=== Section Start ===

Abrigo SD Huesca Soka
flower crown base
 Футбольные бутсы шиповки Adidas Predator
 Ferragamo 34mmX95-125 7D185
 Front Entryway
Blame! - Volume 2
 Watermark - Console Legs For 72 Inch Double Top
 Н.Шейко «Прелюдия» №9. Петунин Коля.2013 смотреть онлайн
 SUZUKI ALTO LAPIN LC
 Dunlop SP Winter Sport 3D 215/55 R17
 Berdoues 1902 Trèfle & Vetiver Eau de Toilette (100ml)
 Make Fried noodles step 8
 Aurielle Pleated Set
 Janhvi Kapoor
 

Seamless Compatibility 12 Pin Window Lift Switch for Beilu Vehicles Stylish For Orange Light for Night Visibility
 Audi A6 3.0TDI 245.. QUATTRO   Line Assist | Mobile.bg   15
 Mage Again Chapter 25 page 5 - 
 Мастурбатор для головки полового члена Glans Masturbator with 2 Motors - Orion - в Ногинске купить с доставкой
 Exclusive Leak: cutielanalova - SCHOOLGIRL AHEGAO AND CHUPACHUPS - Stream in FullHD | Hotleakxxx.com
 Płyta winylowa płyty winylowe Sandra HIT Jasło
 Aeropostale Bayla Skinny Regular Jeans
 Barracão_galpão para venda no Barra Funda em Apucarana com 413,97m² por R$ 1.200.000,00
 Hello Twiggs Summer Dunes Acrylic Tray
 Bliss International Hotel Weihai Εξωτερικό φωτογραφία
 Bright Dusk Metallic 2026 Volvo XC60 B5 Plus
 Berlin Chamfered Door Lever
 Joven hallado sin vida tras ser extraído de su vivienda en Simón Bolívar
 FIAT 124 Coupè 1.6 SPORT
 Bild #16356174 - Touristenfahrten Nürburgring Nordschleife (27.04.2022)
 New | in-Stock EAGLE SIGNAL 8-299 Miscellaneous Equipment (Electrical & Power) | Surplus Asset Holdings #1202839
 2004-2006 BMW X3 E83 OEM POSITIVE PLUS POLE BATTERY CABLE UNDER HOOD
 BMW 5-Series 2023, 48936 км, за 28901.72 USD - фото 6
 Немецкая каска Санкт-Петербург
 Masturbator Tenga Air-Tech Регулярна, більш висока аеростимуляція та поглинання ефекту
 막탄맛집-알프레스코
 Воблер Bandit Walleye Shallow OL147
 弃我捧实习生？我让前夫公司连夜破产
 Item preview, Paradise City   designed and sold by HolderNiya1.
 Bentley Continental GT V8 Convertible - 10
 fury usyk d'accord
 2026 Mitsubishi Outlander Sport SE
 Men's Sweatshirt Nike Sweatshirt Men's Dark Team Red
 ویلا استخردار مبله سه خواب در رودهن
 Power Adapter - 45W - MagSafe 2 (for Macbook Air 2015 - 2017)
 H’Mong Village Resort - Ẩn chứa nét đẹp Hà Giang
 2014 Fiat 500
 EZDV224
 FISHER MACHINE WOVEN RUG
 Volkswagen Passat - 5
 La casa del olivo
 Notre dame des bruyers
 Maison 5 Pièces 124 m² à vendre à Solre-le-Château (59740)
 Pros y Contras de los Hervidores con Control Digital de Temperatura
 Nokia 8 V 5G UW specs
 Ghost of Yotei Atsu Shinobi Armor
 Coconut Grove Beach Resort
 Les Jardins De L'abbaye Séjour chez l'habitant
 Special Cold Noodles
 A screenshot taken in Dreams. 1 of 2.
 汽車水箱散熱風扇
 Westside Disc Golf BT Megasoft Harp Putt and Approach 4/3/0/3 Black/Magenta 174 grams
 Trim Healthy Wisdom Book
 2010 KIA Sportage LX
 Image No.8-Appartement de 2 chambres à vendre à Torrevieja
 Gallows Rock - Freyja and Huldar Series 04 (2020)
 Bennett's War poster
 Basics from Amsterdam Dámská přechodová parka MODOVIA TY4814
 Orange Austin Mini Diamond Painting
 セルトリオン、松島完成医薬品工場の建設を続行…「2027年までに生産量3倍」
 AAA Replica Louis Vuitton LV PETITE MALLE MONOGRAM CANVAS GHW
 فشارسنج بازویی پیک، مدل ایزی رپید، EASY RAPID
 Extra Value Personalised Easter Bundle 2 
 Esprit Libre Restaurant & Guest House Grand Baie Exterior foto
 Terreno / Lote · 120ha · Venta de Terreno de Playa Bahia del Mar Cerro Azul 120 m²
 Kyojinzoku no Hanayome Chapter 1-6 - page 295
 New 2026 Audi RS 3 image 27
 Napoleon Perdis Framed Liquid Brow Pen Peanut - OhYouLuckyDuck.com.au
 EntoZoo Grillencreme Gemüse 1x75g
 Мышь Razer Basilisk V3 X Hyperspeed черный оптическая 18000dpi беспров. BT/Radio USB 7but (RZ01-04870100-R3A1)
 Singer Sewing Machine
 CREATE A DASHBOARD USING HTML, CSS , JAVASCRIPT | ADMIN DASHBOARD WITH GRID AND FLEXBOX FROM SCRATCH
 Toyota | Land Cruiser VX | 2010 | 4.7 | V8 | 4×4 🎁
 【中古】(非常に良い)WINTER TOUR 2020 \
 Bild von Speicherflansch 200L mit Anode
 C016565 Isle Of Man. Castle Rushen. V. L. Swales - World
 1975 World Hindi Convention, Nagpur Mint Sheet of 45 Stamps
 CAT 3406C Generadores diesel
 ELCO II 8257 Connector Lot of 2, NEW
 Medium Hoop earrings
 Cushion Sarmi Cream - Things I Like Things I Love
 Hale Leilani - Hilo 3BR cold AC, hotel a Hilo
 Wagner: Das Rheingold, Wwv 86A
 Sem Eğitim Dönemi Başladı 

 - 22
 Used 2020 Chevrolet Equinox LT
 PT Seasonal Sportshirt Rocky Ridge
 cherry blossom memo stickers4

=== Section End ===

** Problem requirements **
Take each line of the material above that holds the string "Bild" and copy it.

** Worked solution **
 Bild #16356174 - Touristenfahrten Nürburgring Nordschleife (27.04.2022)
 Bild von Speicherflansch 200L mit Anode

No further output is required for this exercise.